Certes, cela a l’air plutôt complexe. Mais nous allons tenter de simplifier. Jeffrey Goldberg, dans la revue The Atlantic, s’est interrogé sur d’éventuelles frappes préventives israéliennes contre le nucléaire offensif iranien. Fred Kaplan, sur le site américain slate.com a analysé le document publié par Jeffrey Goldberg dans The Atlantic. Pour ce qui me concerne, le dilemme des frappes préventives israéliennes contre le nucléaire offensif iranien tient en trois points.

Premièrement, il faut prendre très au sérieux la menace des ayatollahs intégristes fêlés iraniens. Car non seulement les fous nazislamistes de Téhéran déclarent vouloir « rayer Israël de la carte » et « effacer Israël de la page du temps », mais en plus, ils ont déjà les moyens nucléaires pour le faire, par exemple avec de mini bombes radioactives (durty bombs).

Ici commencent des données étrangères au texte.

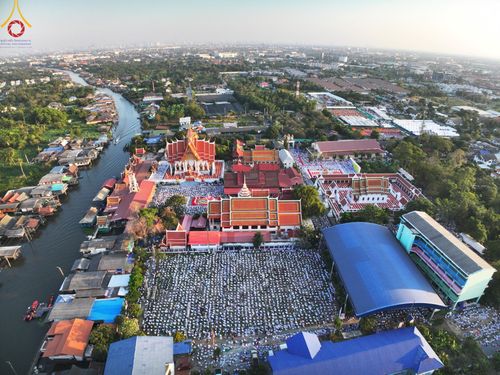 ภาพ No.197140:พิธีจุดประทีปถวายเป็นพุทธบูชา และบูชาธรรมมหาปูชนียาจารย์ ณ วัดโบสถ์(บน) ตำบลบางคูเวียง อำเภอบางกรวย จังหวัดนนทบุรี ในโครงการธรรมยาตรา กตัญญูบูชา มหาปูชนียาจารย์ พระมงคลเทพมุนี(สด จนฺทสโร) พระผู้ปราบมาร อนุสรณ์สถาน 7 แห่ง ปีที่ 13 วันที่ 18 มกราคม พ.ศ. 25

Deuxièmement, même si Israël commettait l’erreur de donner la Judée Samarie aux voyous du Fatah, cela n’apaiserait nullement les ardeurs génocidaires des ayatollahs et des Pasdaran iraniens. Au contraire, toute concession israélienne serait perçue, à Téhéran, comme un nouvel aveu de faiblesse. A ce propos, je note que toutes les interventions israéliennes, même les plus légitimes, sont automatiquement taxées de « disproportionnées ». Et je note également que tous les territoires cédés par Israël ont non pas diminué, mais aggravé, les menaces existentielles et létales qui pèsent sur l’Etat hébreu depuis soixante ans.

Troisièmement, il faudra bien, un jour, frapper le serpent à la tête. Or, la tête c’est l’Iran. C’est pourquoi, selon moi, le but des frappes préventives israéliennes ne doit pas être d’anéantir à jamais l’ensemble du nucléaire offensif iranien. Le but des frappes préventives israéliennes, selon moi, doit être de détruire les sites nucléaires iraniens les plus menaçants pour Israël, ainsi que les principaux bâtiments des Pasdaran.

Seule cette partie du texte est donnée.